Write-ahead Log (WAL) Pruning

As of this writing (v0.4.22) Chroma stores its WAL forever. This means that the WAL will grow indefinitely. This is obviously not ideal. Here we provide a small script + a few steps how to prune your WAL and keep it at a reasonable size. Pruning the WAL is particularly important if you have many writes to Chroma (e.g. documents are added, updated or deleted frequently).

Tooling

We have worked on a tooling to provide users with a way to prune their WAL - chroma-ops.

To prune your WAL you can run the following command:

pip install chroma-ops
chops cleanup-wal /path/to/persist_dir

⚠️ IMPORTANT: It is always a good thing to backup your data before you prune the WAL.

Manual

Steps:

Stop Chroma

It is vitally important that you stop Chroma before you prune the WAL. If you don't stop Chroma you risk corrupting

  • ⚠️ Stop Chroma
  • 💾 Create a backup of your chroma.sqlite3 file in your persistent dir
  • 👀 Check your current chroma.sqlite3 size (e.g. ls -lh /path/to/persist/dir/chroma.sqlite3)
  • 🖥️ Run the script below
  • 🔭 Check your current chroma.sqlite3 size again to verify that the WAL has been pruned
  • 🚀 Start Chroma

Script (store it in a file like compact-wal.sql)

wal_clean.py
#!/usr/bin/env python3
# Call the script: python wal_clean.py ./chroma-test-compact
import os
import sqlite3
from typing import cast, Optional, Dict
import argparse
import pickle


class PersistentData:
    """Stores the data and metadata needed for a PersistentLocalHnswSegment"""

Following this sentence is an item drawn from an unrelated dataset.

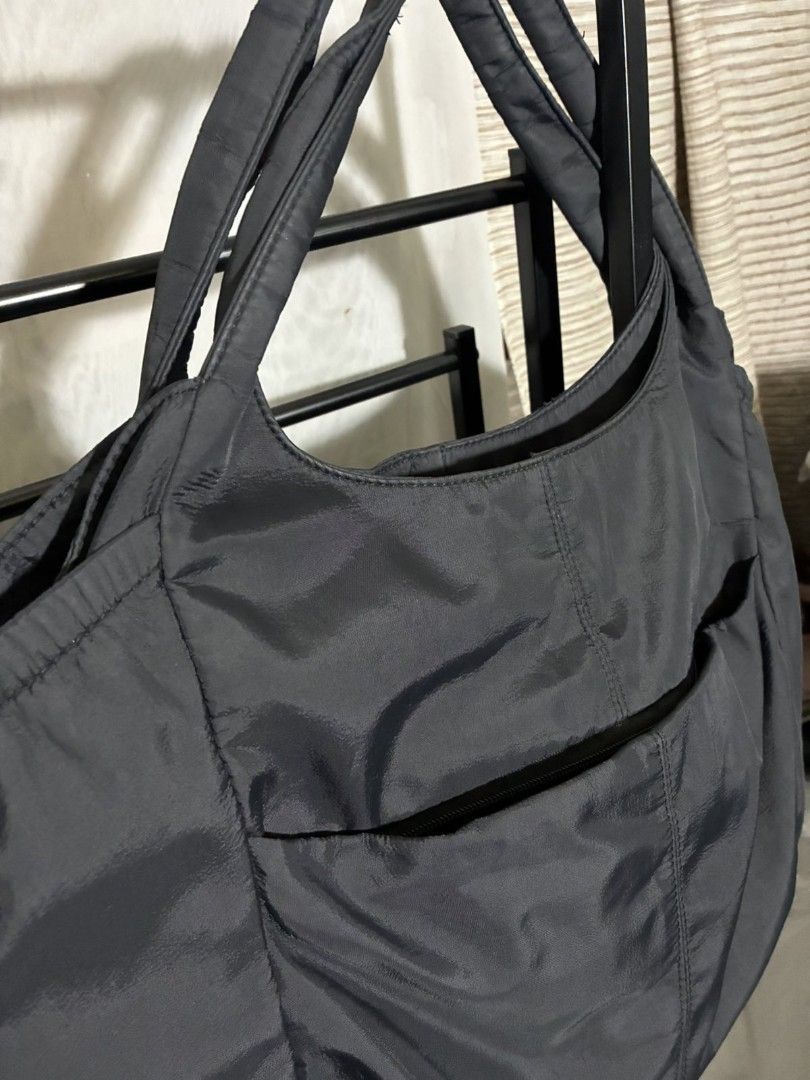 Black Shoulder Bag with Zipper Pockets (Category: Shoulder Bags) located in Quezon City. Submitted by never_a_clutter (Listing ID 1437682631, Image 3). Description: - Black shoulder bag - Multiple pockets for storage - Secure zipper closure - Comfortable dual handles - Durable nylon-like material - Stylish curved shape - Side pocket - without sling - hobo type.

    dimensionality: Optional[int]
    total_elements_added: int
    max_seq_id: int

    id_to_label: Dict[str, int]
    label_to_id: Dict[int, str]
    id_to_seq_id: Dict[str, int]


def load_from_file(filename: str) -> "PersistentData":
    """Load persistent data from a file"""
    with open(filename, "rb") as f:
        ret = cast(PersistentData, pickle.load(f))
        return ret


def clean_wal(chroma_persist_dir: str):
    if not os.path.exists(chroma_persist_dir):
        raise Exception(f"Persist {chroma_persist_dir} dir does not exist")
    if not os.path.exists(f'{chroma_persist_dir}/chroma.sqlite3'):
        raise Exception(
            f"SQL file not found int persist dir {chroma_persist_dir}/chroma.sqlite3")
    # Connect to SQLite database
    conn = sqlite3.connect(f'{chroma_persist_dir}/chroma.sqlite3')

    # Create a cursor object
    cursor = conn.cursor()

    # SQL query
    query = "SELECT id,topic FROM segments where scope='VECTOR'"  # Replace with your query

    # Execute the query
    cursor.execute(query)

    # Fetch the results (if needed)
    results = cursor.fetchall()
    wal_cleanup_queries = []
    for row in results:
        # print(row)
        metadata = load_from_file(
            f'{chroma_persist_dir}/{row[0]}/index_metadata.pickle')
        wal_cleanup_queries.append(
            f"DELETE FROM embeddings_queue WHERE seq_id < {metadata.max_seq_id} AND topic='{row[1]}';")

    cursor.executescript('\n'.join(wal_cleanup_queries))
    # Close the cursor and connection
    cursor.close()
    conn.close()


if __name__ == "__main__":
    parser = argparse.ArgumentParser()
    parser.add_argument('persist_dir', type=str)
    arg = parser.parse_args()
    print(arg.persist_dir)
    clean_wal(arg.persist_dir)

Run the script

# Let's create a backup
tar -czvf /path/to/persist/dir/chroma.sqlite3.backup.tar.gz /path/to/persist/dir/chroma.sqlite3
lsof /path/to/persist/dir/chroma.sqlite3 # make sure that no process is using the file
python wal_clean.py /path/to/persist/dir/
# start chroma